*** Opening of Information shown ***
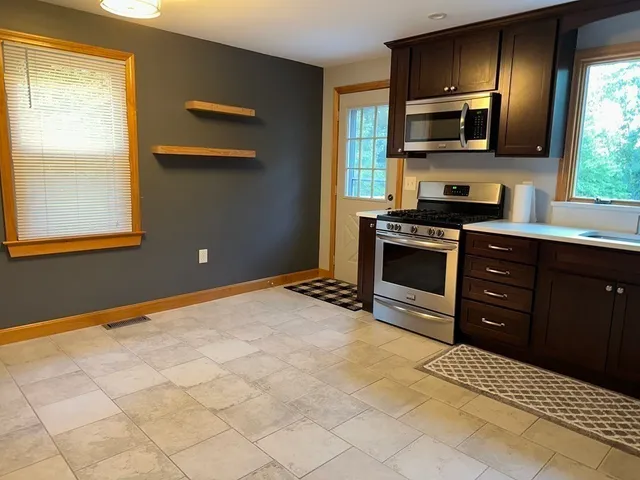 a kitchen with stainless steel appliances a stove sink and microwave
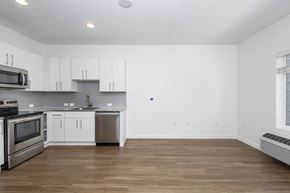 Denver apartment for rent - A kitchen with white cabinets and a wooden floor.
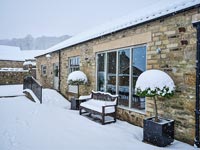 Exterior of country house in snow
*** Close of Information shown ***
Requirement - Pick up at the line containing "Denver apartment for" and copy each line exactly until the data ends, including that last line; copy no pictures.

Solution to this problem -
 Denver apartment for rent - A kitchen with white cabinets and a wooden floor.
 Exterior of country house in snow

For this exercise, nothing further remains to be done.